Les grands concepts psychodynamiques à l’œuvre
1. Inconscient, conflit et symbolisation
La psychanalyse a posé l’idée que le psychisme n’est jamais transparent à lui-même. Freud, puis Lacan, ont souligné l’importance du symptôme comme formation de compromis, révélant la conflictualité interne.

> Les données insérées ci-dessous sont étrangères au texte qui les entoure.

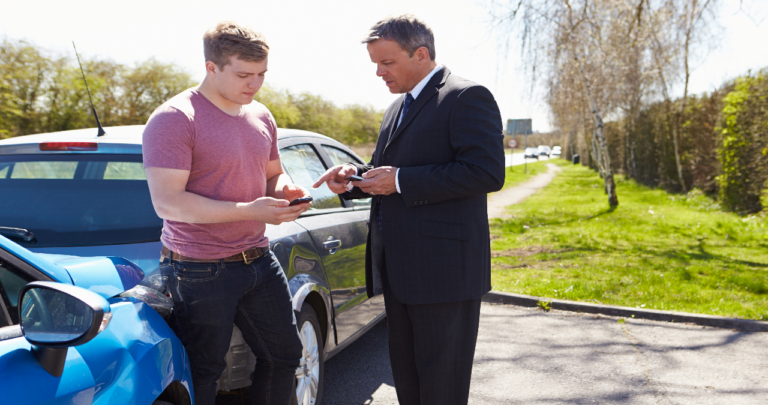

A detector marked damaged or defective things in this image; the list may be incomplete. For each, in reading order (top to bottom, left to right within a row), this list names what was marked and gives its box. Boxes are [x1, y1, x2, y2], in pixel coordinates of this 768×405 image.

blue damaged car [0, 234, 195, 404]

L’art-thérapie s’inscrit dans ce sillage : l’acte de créer devient un mode d’expression indirect, métaphorique, des représentations et des affects souvent inaccessibles à la parole.
- La symbolisation représente un enjeu central : transformer ce qui est de l’ordre du vécu corporel, de l’émotion brute, en une forme (image, trace, objet) qui puisse être élaborée, partagée, contenue.

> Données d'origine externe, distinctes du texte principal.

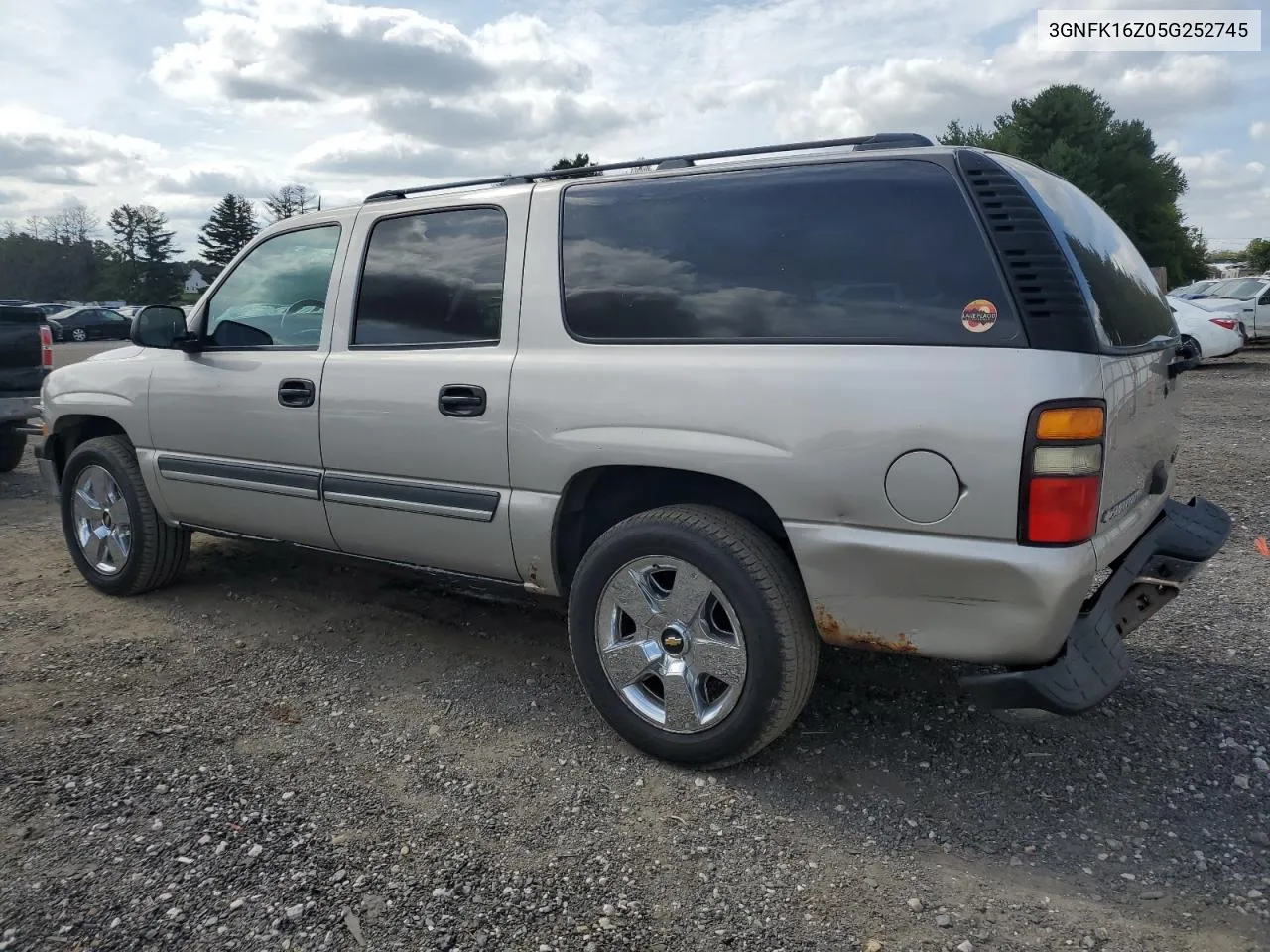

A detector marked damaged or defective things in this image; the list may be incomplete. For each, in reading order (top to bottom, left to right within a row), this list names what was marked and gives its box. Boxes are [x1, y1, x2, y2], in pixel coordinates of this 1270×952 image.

damaged rear bumper [959, 500, 1229, 715]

- Le processus créatif favorise l’association libre (cf. Freud), permettant la réémergence de fragments mnésiques, d’affects, de souvenirs latents sous une forme non verbale.
2. Les mécanismes de défense et leurs traces dans la création
Dans l’atelier, le patient mobilise – souvent de manière inconsciente – des mécanismes de défense pour préserver son équilibre psychique face à des éléments déstabilisants. Sublimation, clivage, déni, projection… L’art-thérapie permet parfois d’observer, au fil des séances :
- Le passage d’un mode défensif archaïque (ex. : destruction, effacement, répétition stérile) vers des élaborations plus structurées (construction, jeu chromatique, narration picturale).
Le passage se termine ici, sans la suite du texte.